De todas las cosas malas, alimentar a los patos es quizás la más divertida.

Sylvia Witteman

Dar pan a los patos se ha vuelto como comer carne, volar o encender la chimenea: es mejor no hacerlo. Pero sí, de todas esas cosas malas, alimentar a los patos es quizás la más divertida. Y menos aún, me digo mientras entro al parque con un poco de pan sobrante.

Cuando llego al estanque, siempre miro tímidamente a mi alrededor y me repito el flexible mantra de la Bird Protection Society: «No se permiten hogazas de pan enteras, pero una capa de pan viejo y sin moho no puede hacer daño». Bueno, normalmente como un poco más de una rebanada, a veces tres sándwiches enteros, pero ciertamente están viejos y no tienen moho.

Cuando llego al estanque, cometo mi fechoría. Mientras extiendo el pan para los encantados patos, murmuro «ni todos los perfumes de Arabia endulzarán esta manita», imitando a la sonámbula Lady MacBeth. Luego vuelvo a casa, donde reprimo mi culpa al no comer carne durante al menos una hora, no subirme a un avión y no encender fuego.

Pero ayer surgió una complicación. Entre la bandada de aves de corral había un pato algo tonto. Realmente no es un caso moribundo; le fue bastante bien, en tierra, en el agua y en el aire.

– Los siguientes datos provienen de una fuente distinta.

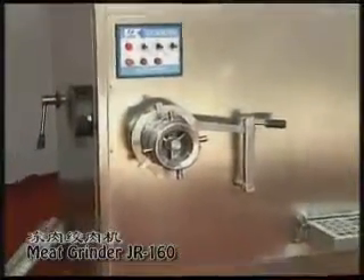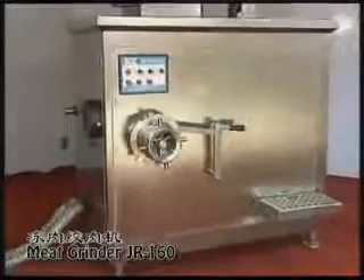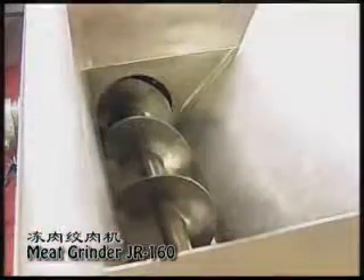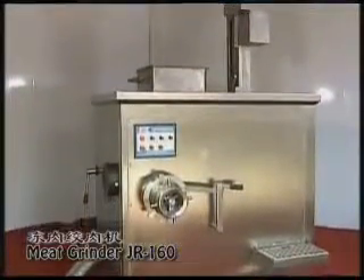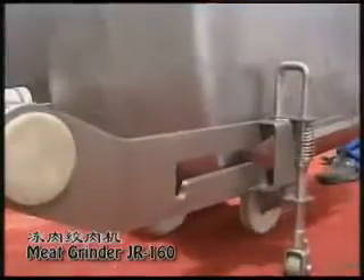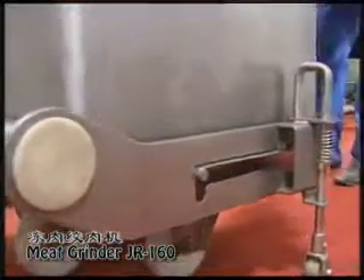The meat grinder JR 160 is constructed from 304 stainless steel, attached with a loading device, with the capacity to grind meat up to 7 tons an hour. It features rapid maintenance and is built for easy cleaning.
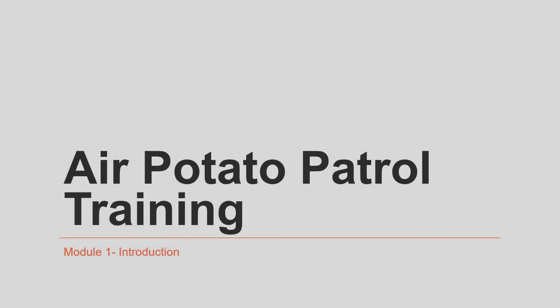Welcome to the first module of air potato patrol training. My name is Dr. William Lester and I am with the University of Florida IFAS Extension in Hernando County, Florida.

Era sólo un poco más lento que el resto.

Ahora había llegado el momento de asegurarse de que Schlemiel recibiera su parte justa del pan. Esto no es fácil: los primeros trozos cayeron, como era de esperar, en los picos más atrevidos, mientras el perdedor me miraba con tristeza.

No dejé que eso me molestara. Se me ocurrió una estrategia: desmenucé un sándwich en cien trozos pequeños y lo arrojé lo más lejos posible al estanque de una sola vez. Todos los patos corrieron hacia él, pero aquel se quedó quieto y miró con nostalgia a la presa.

Ahora había llegado su momento. Esparcí el resto del pan en el pasto justo frente a él y comenzó a comer con ansia. «Buen chico», dije con ternura.

Entonces escuché un ladrido histérico. Un perro grande saltó a mis pies y empezó a engullir el pan. Ese pobre pato voló al estanque asustado. «No hagas eso, Binkie», gritó la joven a su paso. ‘¡Apagado!’ Y a mí, reprochándome: ‘¡El pan es realmente malo para los patos!’

En casa encendí la chimenea y devoré un filete mientras reservaba un vuelo a un país pobre donde la población está severamente oprimida.

No precisamente. Pero estaba deseando que llegara.

Sobre el Autor
Sylvia Witteman prescribe de Volkskrant columnas sobre la vida diaria.